In the fetal sheep, the baseline fetal plasma AVP concentrations are similar to maternal levels after mid-gestation. During the last trimester of gestation, fetal hypothalamic and pituitary responsiveness to both volume and osmolar stimuli for AVP secretion are well developed, and AVP exerts antidiuretic effects on the fetal kidney.¹¹² Baseline plasma levels of AVT in fetal sheep during the last trimester approximate values for AVP and OT.¹¹³ Presumably this AVT is derived from the posterior pituitary, but the stimuli for AVT secretion in the fetus are not defined.

During the final third of gestation, the sheep fetus responds to hemorrhage, hypertonic saline, angiotensin II, and hypoxia with increased AVP secretion. The inverse relationship of AVP mRNA and pituitary AVP content in the near-term fetal sheep suggests a dynamic AVP synthesis–content feedback relationship.^112,117 The responses to hypertonicity and dehydration in the newborn lamb are quantitatively comparable to the adult responses, whereas the response to hypoxia greatly exceeds that of the adult.¹¹²

In the fetus, AVP appears to function as a stress-responsive hormone. Perhaps the major potential stress for the fetus is hypoxia, and the response of AVP to hypoxia is increased compared with the maternal response and with the fetal AVP responses to osmolar stimuli.^3,118–121 Plasma AVP concentrations in human cord blood are elevated in association with intrauterine bradycardia and meconium passage.¹²⁰ The vasopressor action of AVP may be important in the maintenance of fetal circulatory homeostasis during hemorrhage and hypoxia; AVP has a limited effect on fetoplacental blood flow.^121,122 Fetal hypoxia is also a major stimulus for catecholamine release. There is little information on interaction between AVP and catecholamines during fetal hypoxia, but both fetal hypoxia and AVP stimulate anterior pituitary function.¹²¹ A role for AVP as a CRH is established in the adult, and the ovine fetal pituitary responds separately and synergistically to AVP and CRH early in the third trimester.¹²³ The role of AVP in controlling fetal corticotrophin release seems to decrease with gestational age. It is not known whether AVT functions as a fetal CRH.

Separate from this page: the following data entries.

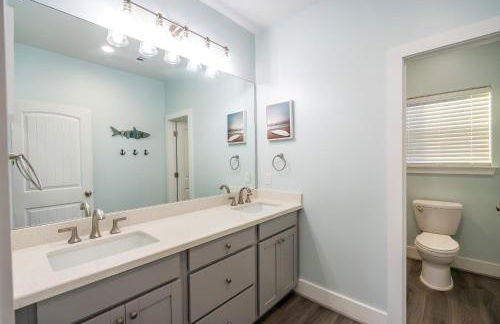 Noisywaves - Beachfront Paradise with Hot Tub, Yard, and Game Room - Foto 31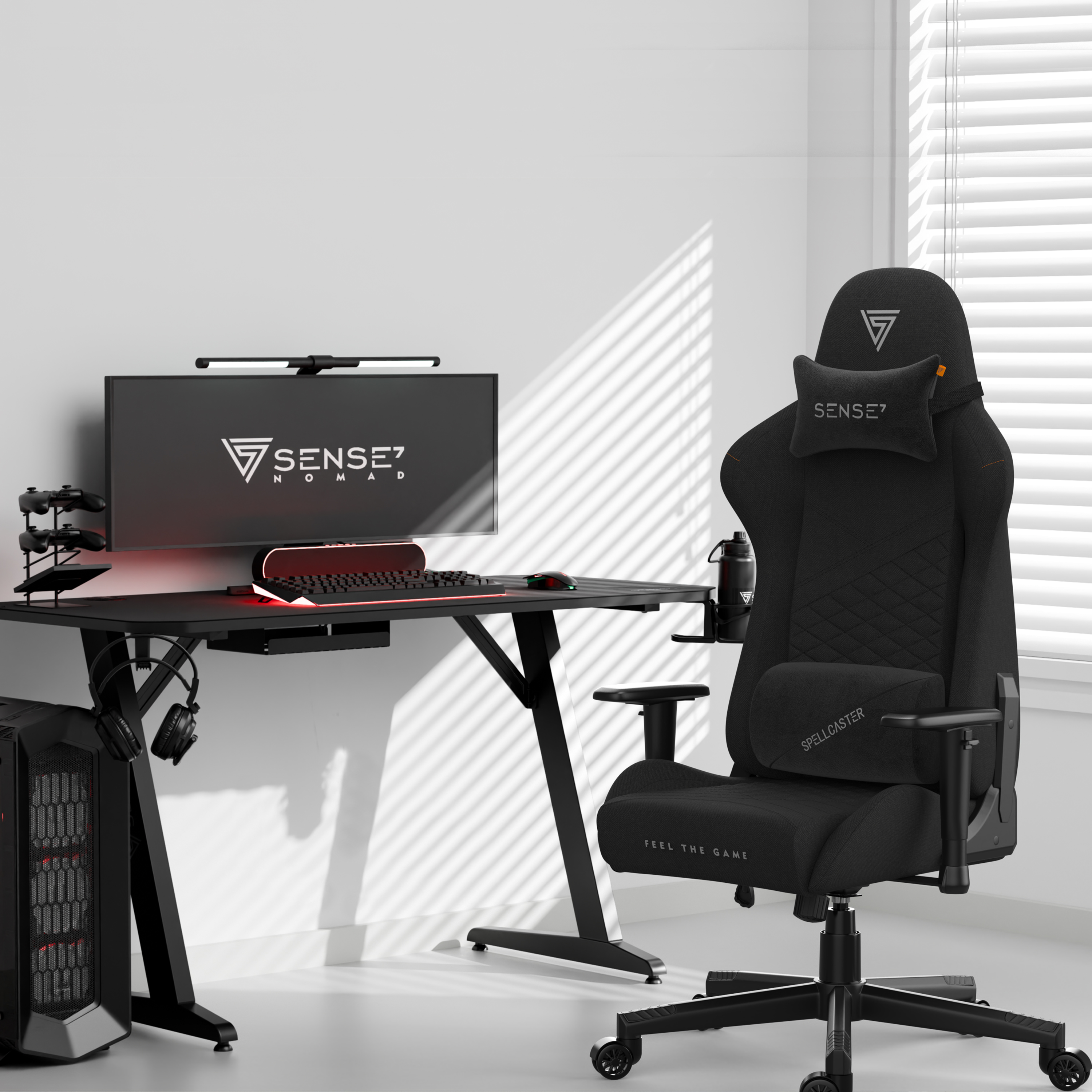 Gamingopstelling met zwart bureau, stoel, monitor en pc. Raam met jaloezieën op de achtergrond.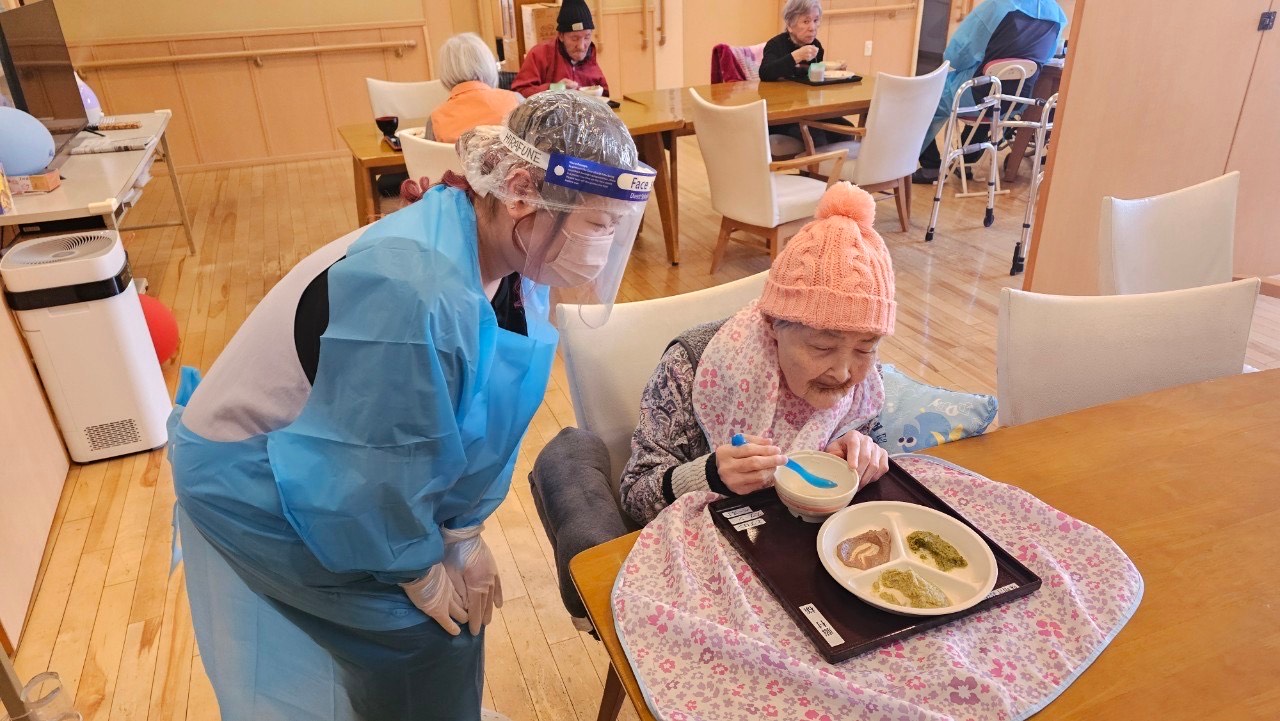 感染症蔓延防止を想定した食事提供訓練を実施しました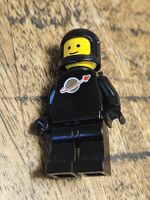 lego figurine Classic Space - Black with Air Tanks sp003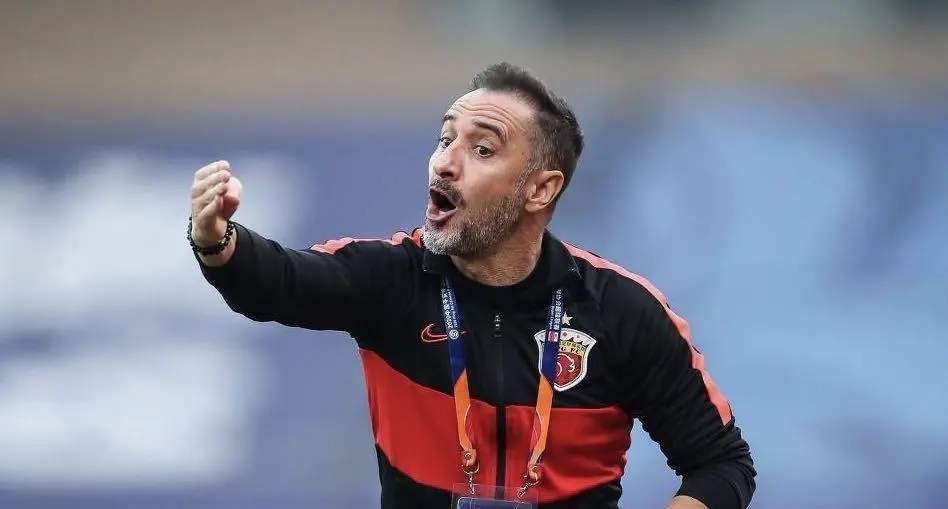 开云体育中国官网-密尔沃基雄鹿训练开放日；国际比赛日遗憾出局引欢呼；亚冠在即；更衣室氛围转暖的简单介绍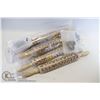 Image 1 : FLAT OF NATURAL RAW WOOD ROLLING PIN WITH PATTERNS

OT receptors have been demonstrated in human fetal membranes at term, and AVP receptors have been found in renal medullary membranes of newborn sheep.^3,124–126 Both AVP and AVT evoke antidiuretic actions in the sheep fetus during the last third of gestation, and both hormones act to conserve water for the fetus by inhibiting fluid loss into amniotic fluid through the lungs and kidneys.^118,122 Whether AVT exerts its effects through AVP receptors or separate fetal AVT receptors is not clear. Maximal concentrating capacity by the fetal kidney is limited to about 600 mmol/L. This limitation is due not to adequate AVP stimulation but rather to inherent immaturity of the renal tubules.